(Brief descriptive captions)
[Start of Attachment]

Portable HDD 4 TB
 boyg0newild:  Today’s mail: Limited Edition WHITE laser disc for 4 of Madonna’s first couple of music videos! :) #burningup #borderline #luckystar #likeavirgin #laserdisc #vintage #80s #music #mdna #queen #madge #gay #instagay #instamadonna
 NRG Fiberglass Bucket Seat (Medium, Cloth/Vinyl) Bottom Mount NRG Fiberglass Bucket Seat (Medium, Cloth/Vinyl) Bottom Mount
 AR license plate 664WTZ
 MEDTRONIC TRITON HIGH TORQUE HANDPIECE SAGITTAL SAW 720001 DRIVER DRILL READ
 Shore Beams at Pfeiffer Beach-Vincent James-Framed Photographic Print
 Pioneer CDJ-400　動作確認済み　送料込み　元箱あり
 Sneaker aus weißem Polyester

[End of Attachment]

(WHAT TO DO)
Set the entries above down again, each one exactly as written.

(EXERCISE ANSWER)
Portable HDD 4 TB
 boyg0newild:  Today’s mail: Limited Edition WHITE laser disc for 4 of Madonna’s first couple of music videos! :) #burningup #borderline #luckystar #likeavirgin #laserdisc #vintage #80s #music #mdna #queen #madge #gay #instagay #instamadonna
 NRG Fiberglass Bucket Seat (Medium, Cloth/Vinyl) Bottom Mount NRG Fiberglass Bucket Seat (Medium, Cloth/Vinyl) Bottom Mount
 AR license plate 664WTZ
 MEDTRONIC TRITON HIGH TORQUE HANDPIECE SAGITTAL SAW 720001 DRIVER DRILL READ
 Shore Beams at Pfeiffer Beach-Vincent James-Framed Photographic Print
 Pioneer CDJ-400　動作確認済み　送料込み　元箱あり
 Sneaker aus weißem Polyester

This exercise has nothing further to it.